One very unlikely but not completely impossible scenario: Enola Gay suffers an engine failure on takeoff, a not uncommon occurrence with the B-29. Tibbets has orders to ditch in the water rather than risk crashing on Tinian and does so successfully (he was a brilliant pilot), but the aircraft and its precious cargo sink in deep water. As a result of this reversal of fortune (a half-billion-dollar gun bomb lost as an operational casualty), the implosion bomb is held in reserve.

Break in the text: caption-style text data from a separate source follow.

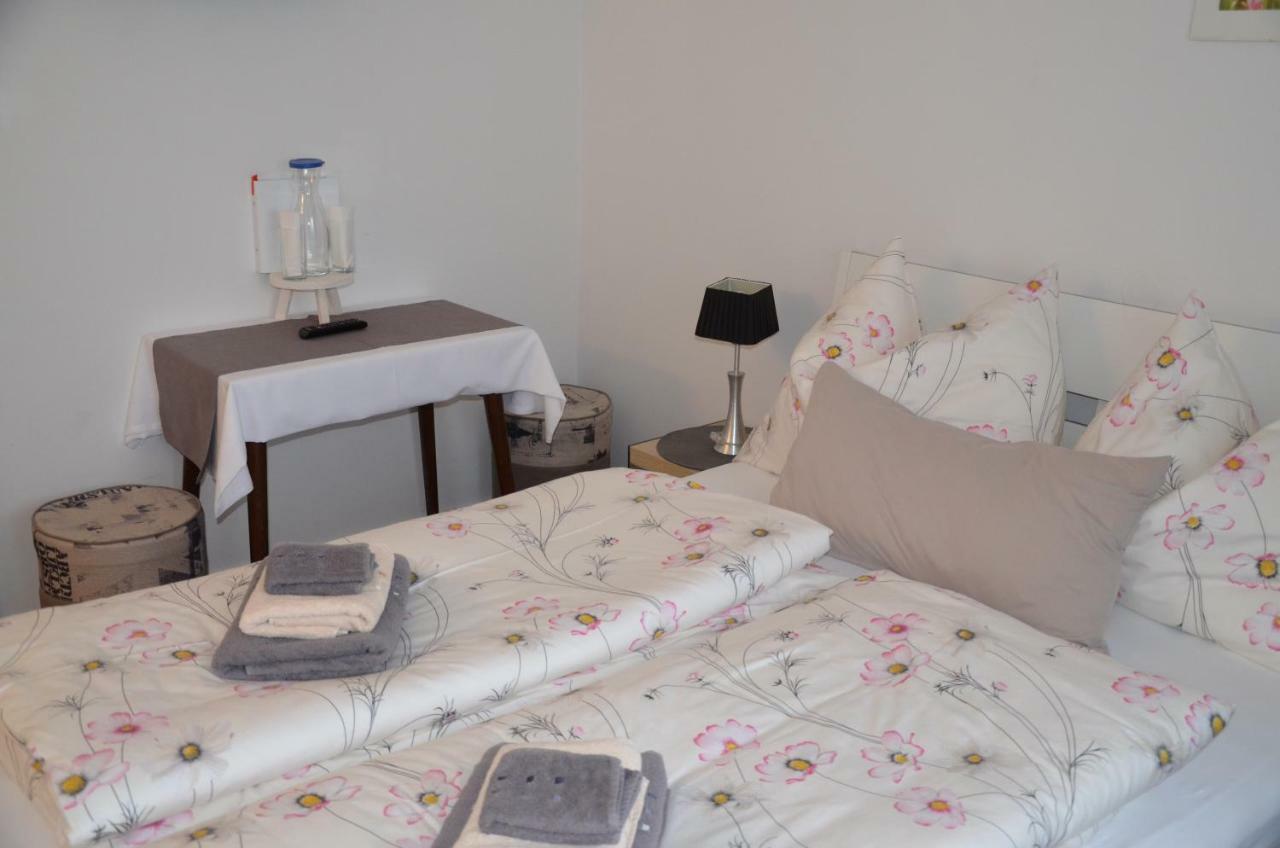 Pension & Restaurant La Amalia Savanyúkút Kültér fotó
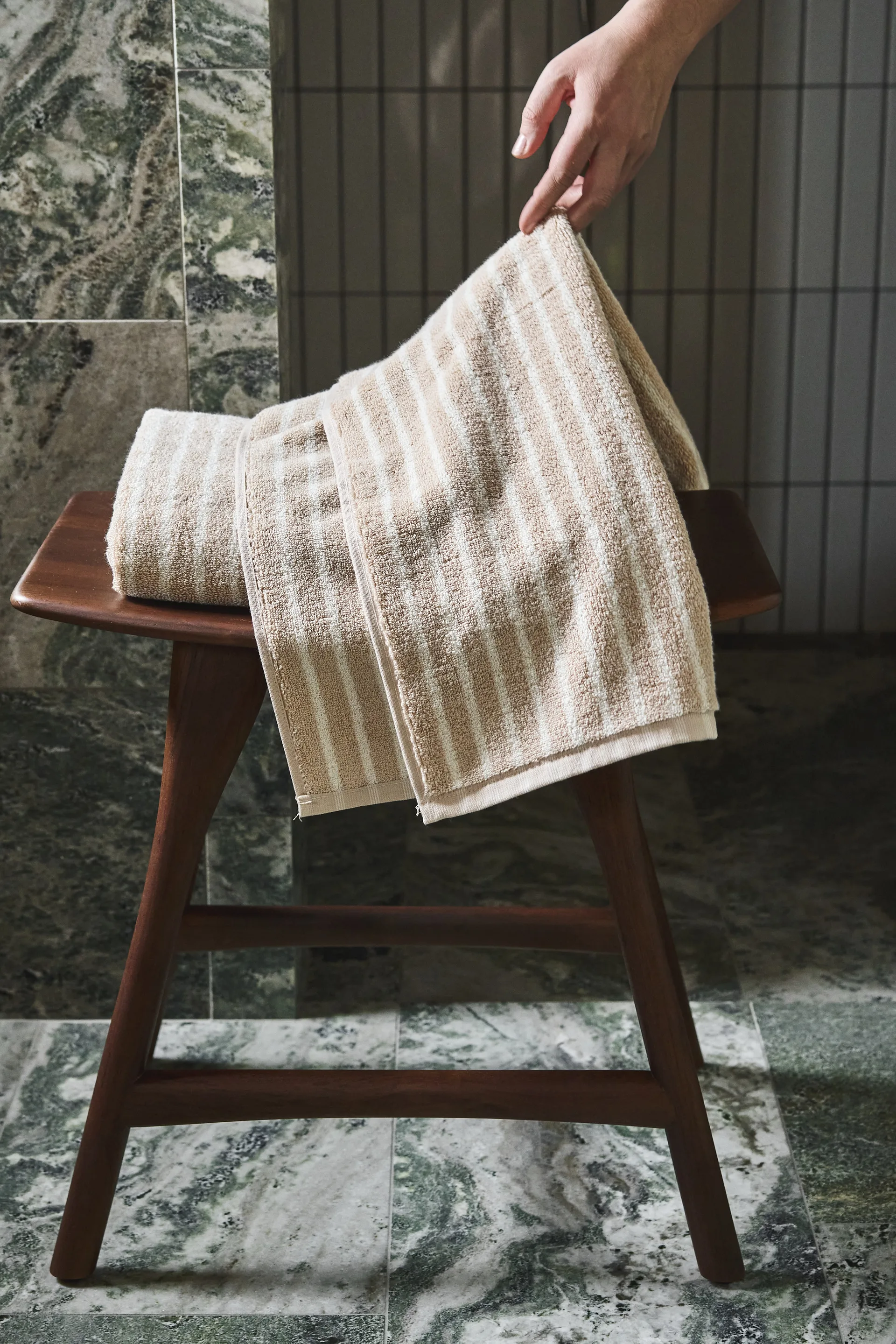 Drift badhanddoek 70x140 cm, Beige-wit Scandi Living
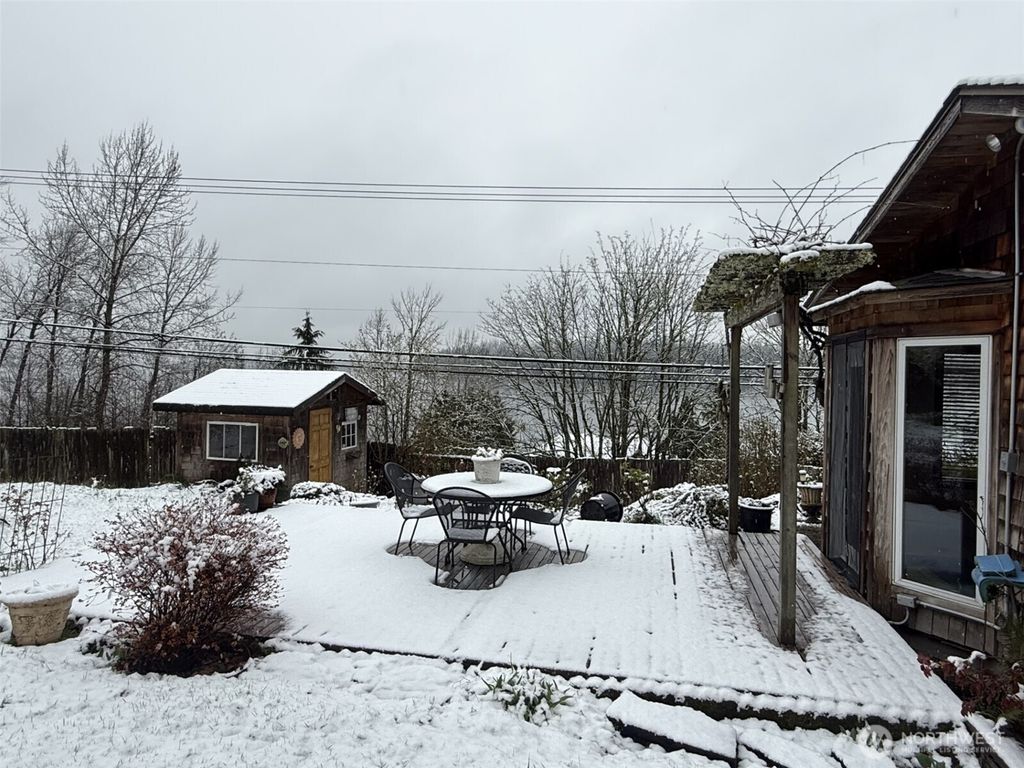 Photo of 2642 E Lake Samm Parkway NE, Sammamish, WA 98074 (MLS # 2492089)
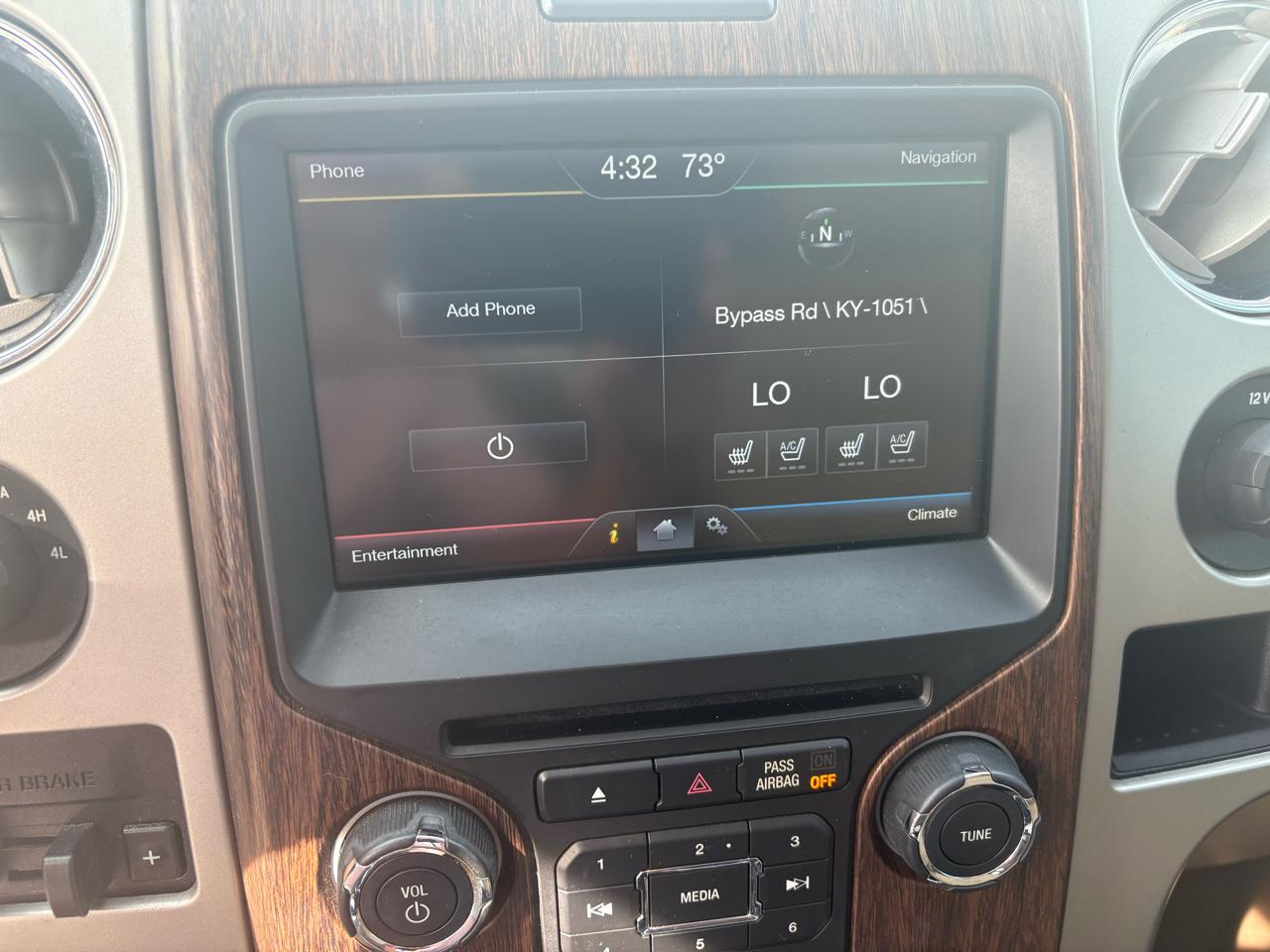 Ford F-150 4WD SuperCrew 145" Lariat 2014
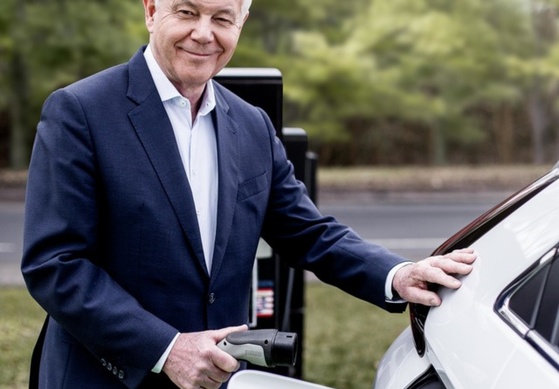 Mitsubishi verabschiedet Werner H. Frey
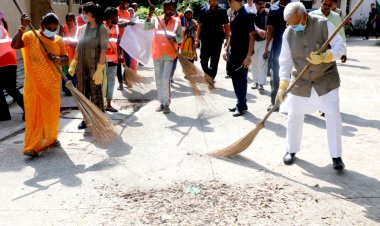 राज्यपाल श्री पटेल ने झाड़ू लगाकर दिया स्वच्छता का संदेश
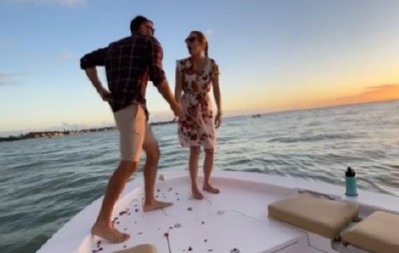 PRSTEN U MORU, DEVOJKA U ŠOKU: Prosidba iz snova pretvorila se u TOTALNI HAOS! (VIDEO)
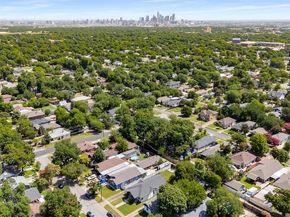 916 S Montreal Avenue , Dallas Texas 75208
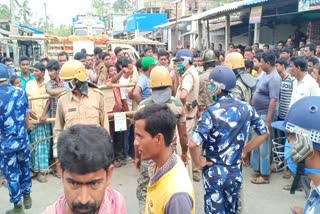 Local residents blocked the road to demand of electricity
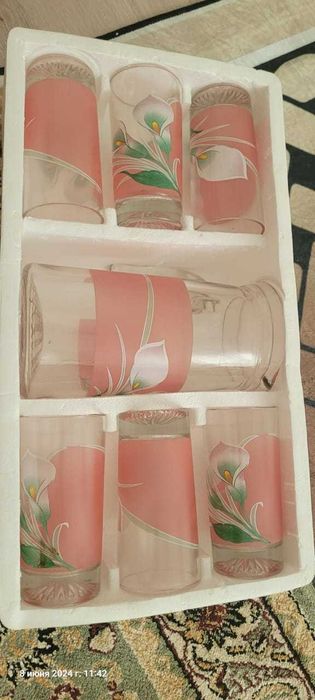 Графин со стаканами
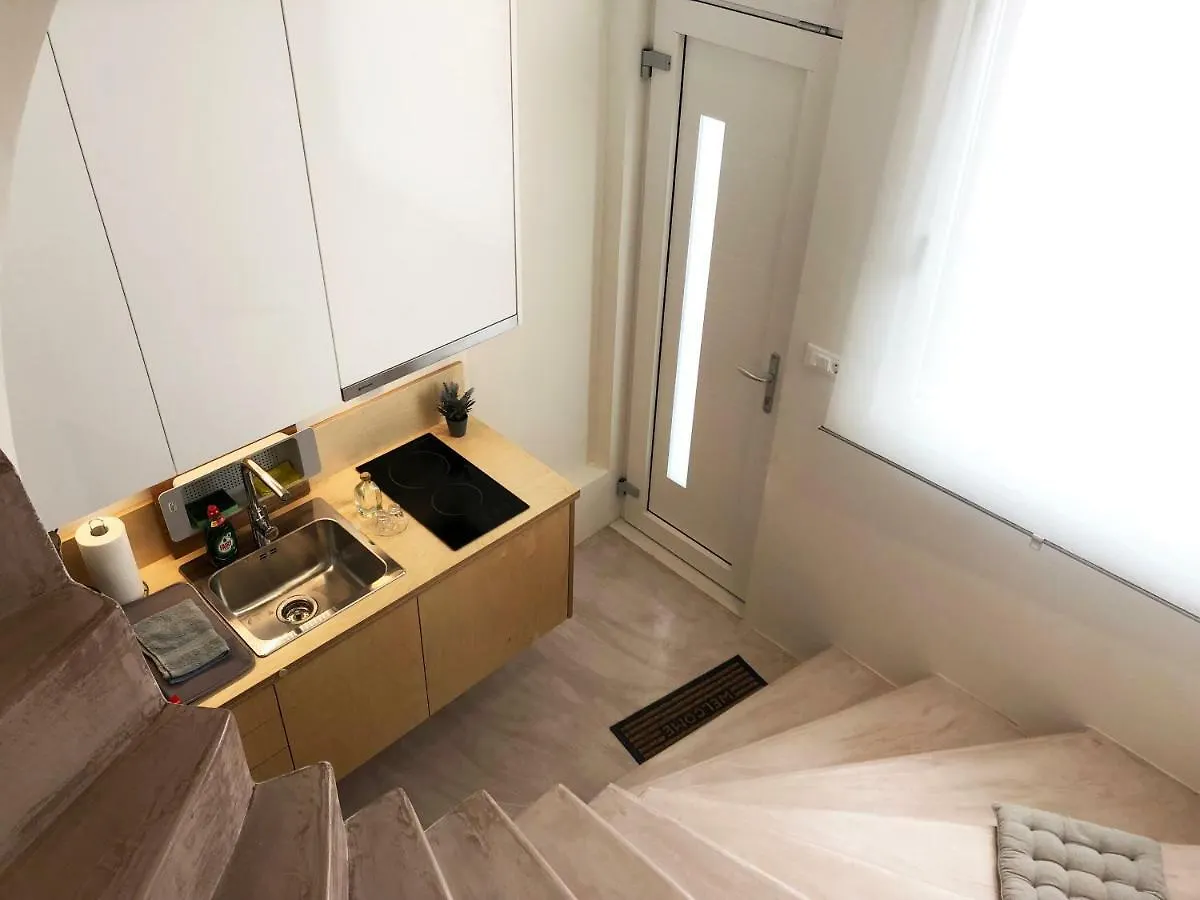 Sunny Micro-Loft Apartment With Outdoor Lounge Bendevís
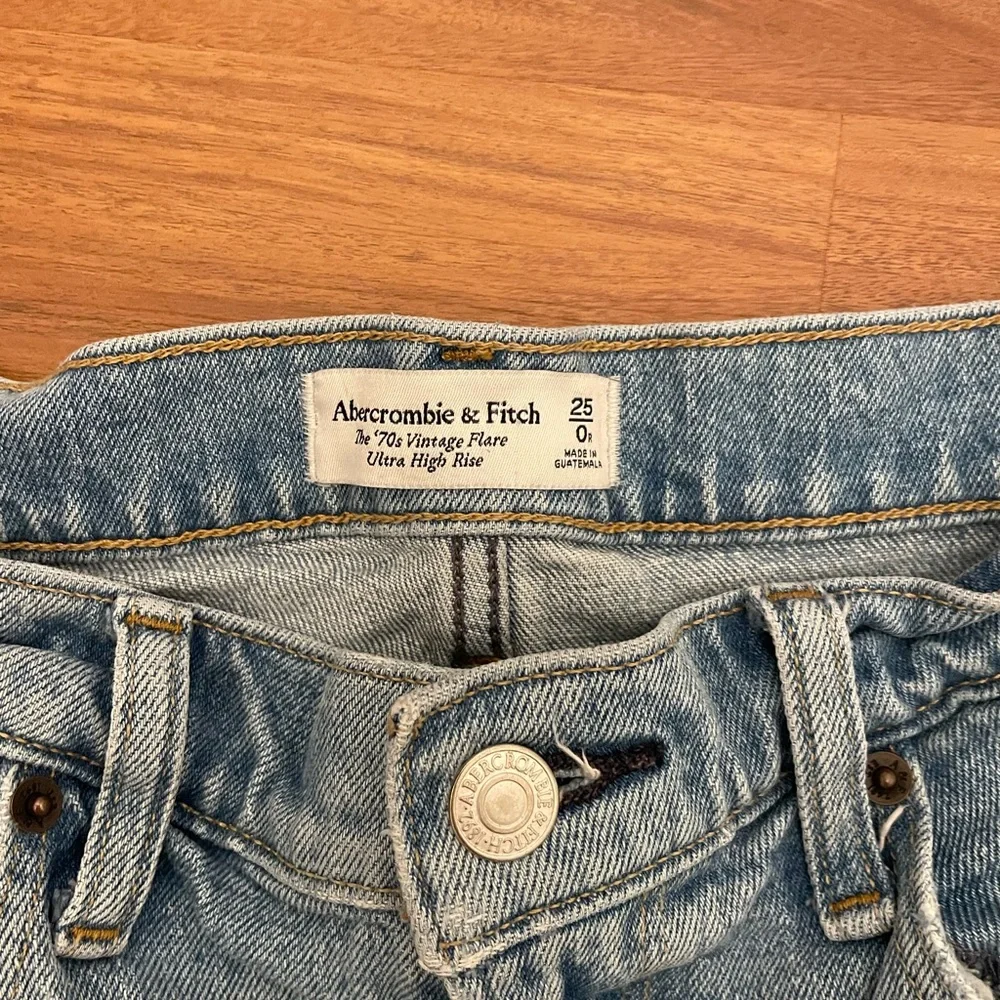 Abercrombie & Fitch Blue High Rise Jeans - Picture 1 of 6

MacArthur succeeds in getting the invasion to go forward, in part by pointing at the Iron Curtain already going down over Europe and convincing the JCS, over their better judgement, that we have to beat the Russians into Japan. Perhaps there's intelligence from some unexpected source (Venona? Hey, that would be cool ...) showing Russian preparations and a real possibility of a Russian force landing in weakly-defended Hokkaido.

MacArthur is watching the invasion force approach the landing beaches from Bataan, his personal B-17. This is rammed by a suicide aircraft, killing all on board. Nimitz, as next senior commander in the Pacific, takes over but it really is too late to call off the invasion -- the political consequences of turning around when the invasion fleet has already been sighted by the Japanese are unthinkable. It takes some time for Nimitz to get a grip on the situation, which is rapidly deteriorating since the defenses are just as awful as Intelligence predicted (which is much worse than MacArthur allowed himself or his planners to believe.) A big scandal is already brewing over MacArthur's grossly optimistic preinvasion estimates...

Heck, I'm not going to write this whole thing for you. You take it from there. (Will be happy to provide my technical $0.02.)
 
MacArthur succeeds in getting the invasion to go forward, in part by pointing at the Iron Curtain already going down over Europe and convincing the JCS, over their better judgment, that we have to beat the Russians into Japan. Perhaps there's intelligence from some unexpected source (Venona? Hey, that would be cool ...) showing Russian preparations and a real possibility of a Russian force landing in weakly-defended Hokkaido.
No JCS in 1945.
 
sorry,

the us of a shipped parts of the bombs in, these parts could not be activated....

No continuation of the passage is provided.